Task description:
If a line comes after the one containing "P&J Jewellery Stříbrný", leave it out; copy every line before it, and that line too, exactly as written, starting from the first line of the entries.
*** Opening Records ***
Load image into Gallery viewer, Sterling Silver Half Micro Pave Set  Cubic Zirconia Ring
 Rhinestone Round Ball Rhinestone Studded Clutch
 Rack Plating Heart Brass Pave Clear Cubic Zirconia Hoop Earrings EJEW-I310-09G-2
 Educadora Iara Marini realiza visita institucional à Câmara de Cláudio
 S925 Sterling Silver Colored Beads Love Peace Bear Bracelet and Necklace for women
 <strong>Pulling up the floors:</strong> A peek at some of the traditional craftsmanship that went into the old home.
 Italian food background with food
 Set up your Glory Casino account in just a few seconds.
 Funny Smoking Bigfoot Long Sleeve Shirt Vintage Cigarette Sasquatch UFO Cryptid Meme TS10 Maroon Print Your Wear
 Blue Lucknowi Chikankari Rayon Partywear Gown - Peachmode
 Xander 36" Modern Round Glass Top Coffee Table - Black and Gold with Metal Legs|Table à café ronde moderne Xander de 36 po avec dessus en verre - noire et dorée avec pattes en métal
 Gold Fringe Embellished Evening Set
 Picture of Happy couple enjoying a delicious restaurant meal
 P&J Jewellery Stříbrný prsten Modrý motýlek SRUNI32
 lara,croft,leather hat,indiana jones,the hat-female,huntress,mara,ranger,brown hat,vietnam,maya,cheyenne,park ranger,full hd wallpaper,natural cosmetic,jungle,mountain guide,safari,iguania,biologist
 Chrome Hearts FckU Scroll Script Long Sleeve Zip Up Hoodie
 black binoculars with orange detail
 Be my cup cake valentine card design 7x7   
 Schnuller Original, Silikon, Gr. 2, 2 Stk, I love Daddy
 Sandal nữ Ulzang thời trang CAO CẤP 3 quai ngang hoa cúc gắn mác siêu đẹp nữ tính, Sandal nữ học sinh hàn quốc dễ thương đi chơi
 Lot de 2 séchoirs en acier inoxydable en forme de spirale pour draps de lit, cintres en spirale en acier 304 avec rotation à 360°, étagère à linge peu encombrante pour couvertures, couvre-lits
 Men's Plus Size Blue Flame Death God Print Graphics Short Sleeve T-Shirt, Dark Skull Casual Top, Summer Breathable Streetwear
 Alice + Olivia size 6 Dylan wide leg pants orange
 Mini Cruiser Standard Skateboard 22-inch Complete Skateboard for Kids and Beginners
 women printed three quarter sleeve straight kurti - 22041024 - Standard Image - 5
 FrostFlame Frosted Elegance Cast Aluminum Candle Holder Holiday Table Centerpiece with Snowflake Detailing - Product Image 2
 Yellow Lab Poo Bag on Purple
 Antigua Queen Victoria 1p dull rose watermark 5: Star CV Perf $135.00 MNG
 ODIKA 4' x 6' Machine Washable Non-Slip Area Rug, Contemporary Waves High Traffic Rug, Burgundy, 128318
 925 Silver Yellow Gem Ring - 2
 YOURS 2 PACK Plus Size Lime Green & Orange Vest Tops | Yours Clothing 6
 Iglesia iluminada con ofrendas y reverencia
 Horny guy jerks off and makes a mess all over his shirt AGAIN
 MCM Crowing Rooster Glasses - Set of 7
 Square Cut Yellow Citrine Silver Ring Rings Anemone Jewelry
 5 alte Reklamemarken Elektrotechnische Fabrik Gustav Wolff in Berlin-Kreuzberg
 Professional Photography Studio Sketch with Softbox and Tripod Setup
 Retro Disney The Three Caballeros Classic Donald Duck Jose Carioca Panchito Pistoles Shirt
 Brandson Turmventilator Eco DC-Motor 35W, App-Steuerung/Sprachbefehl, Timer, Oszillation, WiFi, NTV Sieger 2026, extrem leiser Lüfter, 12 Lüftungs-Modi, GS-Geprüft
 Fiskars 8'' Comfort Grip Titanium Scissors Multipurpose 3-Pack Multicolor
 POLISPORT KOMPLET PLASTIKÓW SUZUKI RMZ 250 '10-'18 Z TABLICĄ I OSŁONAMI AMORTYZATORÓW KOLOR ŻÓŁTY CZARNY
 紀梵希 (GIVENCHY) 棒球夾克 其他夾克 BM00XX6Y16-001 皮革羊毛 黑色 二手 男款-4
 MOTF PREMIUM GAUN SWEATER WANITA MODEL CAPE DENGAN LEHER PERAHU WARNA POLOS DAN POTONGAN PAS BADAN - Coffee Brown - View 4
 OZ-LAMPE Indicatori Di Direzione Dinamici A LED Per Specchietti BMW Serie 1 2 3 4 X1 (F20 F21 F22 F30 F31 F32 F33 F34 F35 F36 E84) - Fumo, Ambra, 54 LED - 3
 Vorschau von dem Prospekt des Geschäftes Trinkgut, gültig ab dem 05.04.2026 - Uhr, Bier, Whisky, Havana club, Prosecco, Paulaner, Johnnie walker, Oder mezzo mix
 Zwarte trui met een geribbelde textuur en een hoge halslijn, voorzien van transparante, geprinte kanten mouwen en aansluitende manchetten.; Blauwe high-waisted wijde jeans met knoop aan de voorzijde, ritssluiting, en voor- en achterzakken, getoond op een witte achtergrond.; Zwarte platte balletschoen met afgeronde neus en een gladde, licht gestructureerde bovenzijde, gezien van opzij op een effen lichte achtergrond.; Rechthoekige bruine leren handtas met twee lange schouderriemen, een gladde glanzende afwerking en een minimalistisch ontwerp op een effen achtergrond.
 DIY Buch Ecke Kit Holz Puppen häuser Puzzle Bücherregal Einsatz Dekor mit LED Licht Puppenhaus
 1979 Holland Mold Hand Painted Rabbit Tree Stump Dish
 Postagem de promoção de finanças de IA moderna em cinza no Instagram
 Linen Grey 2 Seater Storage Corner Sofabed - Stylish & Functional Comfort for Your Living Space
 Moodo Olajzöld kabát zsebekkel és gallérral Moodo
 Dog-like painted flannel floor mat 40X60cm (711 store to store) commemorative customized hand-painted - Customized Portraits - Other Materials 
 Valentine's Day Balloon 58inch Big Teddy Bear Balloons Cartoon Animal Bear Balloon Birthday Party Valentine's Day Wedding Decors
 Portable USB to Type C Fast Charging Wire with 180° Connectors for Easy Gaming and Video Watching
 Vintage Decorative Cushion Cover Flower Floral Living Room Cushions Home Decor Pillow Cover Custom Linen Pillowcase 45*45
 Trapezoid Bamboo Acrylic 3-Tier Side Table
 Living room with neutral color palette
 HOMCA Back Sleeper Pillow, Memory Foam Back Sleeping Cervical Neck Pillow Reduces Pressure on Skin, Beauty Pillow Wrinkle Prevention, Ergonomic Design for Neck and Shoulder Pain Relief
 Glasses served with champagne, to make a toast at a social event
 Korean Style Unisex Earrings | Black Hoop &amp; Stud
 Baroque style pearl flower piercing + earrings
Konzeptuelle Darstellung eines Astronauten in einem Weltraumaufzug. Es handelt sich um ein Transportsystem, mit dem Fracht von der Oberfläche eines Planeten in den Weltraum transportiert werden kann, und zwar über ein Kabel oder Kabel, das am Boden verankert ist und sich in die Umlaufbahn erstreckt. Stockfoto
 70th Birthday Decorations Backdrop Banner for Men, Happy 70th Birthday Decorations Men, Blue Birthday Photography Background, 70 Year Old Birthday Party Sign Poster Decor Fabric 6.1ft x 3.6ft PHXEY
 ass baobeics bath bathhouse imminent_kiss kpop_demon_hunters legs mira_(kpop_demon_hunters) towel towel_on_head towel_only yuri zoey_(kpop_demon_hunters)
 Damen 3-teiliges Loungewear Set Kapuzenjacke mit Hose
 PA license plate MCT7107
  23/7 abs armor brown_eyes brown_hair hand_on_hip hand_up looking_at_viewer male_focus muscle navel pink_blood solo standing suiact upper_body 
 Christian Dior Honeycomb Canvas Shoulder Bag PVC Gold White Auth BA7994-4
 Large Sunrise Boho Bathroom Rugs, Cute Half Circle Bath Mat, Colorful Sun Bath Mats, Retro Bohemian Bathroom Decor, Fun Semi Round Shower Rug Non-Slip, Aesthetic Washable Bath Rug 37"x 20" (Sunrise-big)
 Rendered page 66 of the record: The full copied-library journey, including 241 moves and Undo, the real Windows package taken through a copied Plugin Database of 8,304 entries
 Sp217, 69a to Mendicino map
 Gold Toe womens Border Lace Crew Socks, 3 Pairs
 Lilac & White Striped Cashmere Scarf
*** Closing Records ***
Problem solution:
Load image into Gallery viewer, Sterling Silver Half Micro Pave Set  Cubic Zirconia Ring
 Rhinestone Round Ball Rhinestone Studded Clutch
 Rack Plating Heart Brass Pave Clear Cubic Zirconia Hoop Earrings EJEW-I310-09G-2
 Educadora Iara Marini realiza visita institucional à Câmara de Cláudio
 S925 Sterling Silver Colored Beads Love Peace Bear Bracelet and Necklace for women
 <strong>Pulling up the floors:</strong> A peek at some of the traditional craftsmanship that went into the old home.
 Italian food background with food
 Set up your Glory Casino account in just a few seconds.
 Funny Smoking Bigfoot Long Sleeve Shirt Vintage Cigarette Sasquatch UFO Cryptid Meme TS10 Maroon Print Your Wear
 Blue Lucknowi Chikankari Rayon Partywear Gown - Peachmode
 Xander 36" Modern Round Glass Top Coffee Table - Black and Gold with Metal Legs|Table à café ronde moderne Xander de 36 po avec dessus en verre - noire et dorée avec pattes en métal
 Gold Fringe Embellished Evening Set
 Picture of Happy couple enjoying a delicious restaurant meal
 P&J Jewellery Stříbrný prsten Modrý motýlek SRUNI32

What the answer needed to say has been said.